Minding Your Manners
On television this week the behaviour of Christchurch children was put up for national examination. We did not do well. Of course, Christchurch is hardly to be blamed. Auckland children would have fared no better. Believe me I know. I visit Auckland regularly.
A few things are worth quoting. The first from George Orwell in 1944. Certainly he is talking of English society but in 1944 we probably reflected England more than any other nation on earth. Orwell said:
An imaginary foreign observer would certainly be struck by our gentleness, by the orderly behaviour of English crowds, the lack of pushing and quarrelling. And except for well-defined areas in half a dozen big towns there was very little crime or violence.
A values statement from the 1904 Moral Instruction Syllabus (Otago) is enlightening too. It required teachers to foster all of the following by personal example, classroom teaching and school organizations: Kindness to animals, candour, honour, love of home, forgiveness, peace, justice, loyalty and patriotism, respect for law, magnanimity, integrity of purpose, duty, accuracy and painstaking, contentment, benevolence, humanity, cheerfulness, self reliance, self respect, modesty, courage, prudence, zeal and energy. Quite a list!
It is interesting to compare the cultural depth and understanding of the language of this list with the mix of political values, selective and reductionist old fashioned virtue and vagueness in The New Zealand Curriculum Framework current in schools. We have obvious ones, honesty and reliability, respect for others, respect for the law. Then we have the ubiquitous,'tolerance' (rangimarie) the politically loaded, 'fairness.' This is followed by caring or compassion (aroha); what is the difference? And finally the two politically and reductionist version of love your neighbour as yourself; non sexism and non-racism.
Such a confused mix of philosophy, psychology and politics lacks clarity and power.
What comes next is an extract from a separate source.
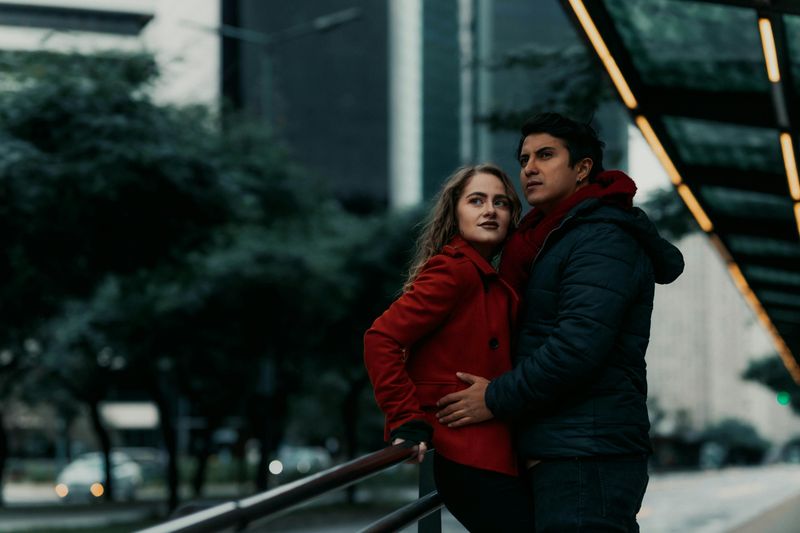 Love Requires Consistent Effort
It's a token assent to a token morality. No wonder our kids are confused.
Why do we bother about manners or more accurately why should we bother about manners? If more people displayed good manners and acted civilly-in other words, if standards of behaviour were raised-the incidence of crime would decrease markedly and law enforcement agencies would virtually be out of business. It really is as simple as that. The solution is encapsulated in Burke's marvellous aphorism: 'Manners are more important than laws for upon them in great measure the laws depend.'
If we want to return to a civil society, all of us must practice civility. What has gone wrong can be summed up simply as a 'loss of civility.' A little history seldom hurts. A code of conduct was first compiled in 1595 by French Jesuits. An updated copy fell into the hands of George Washington under the title Rules of Civility. He not only copied them but followed them all his life. At all events he was always cited in the early American Republic as a model of good manners and presidential dignity.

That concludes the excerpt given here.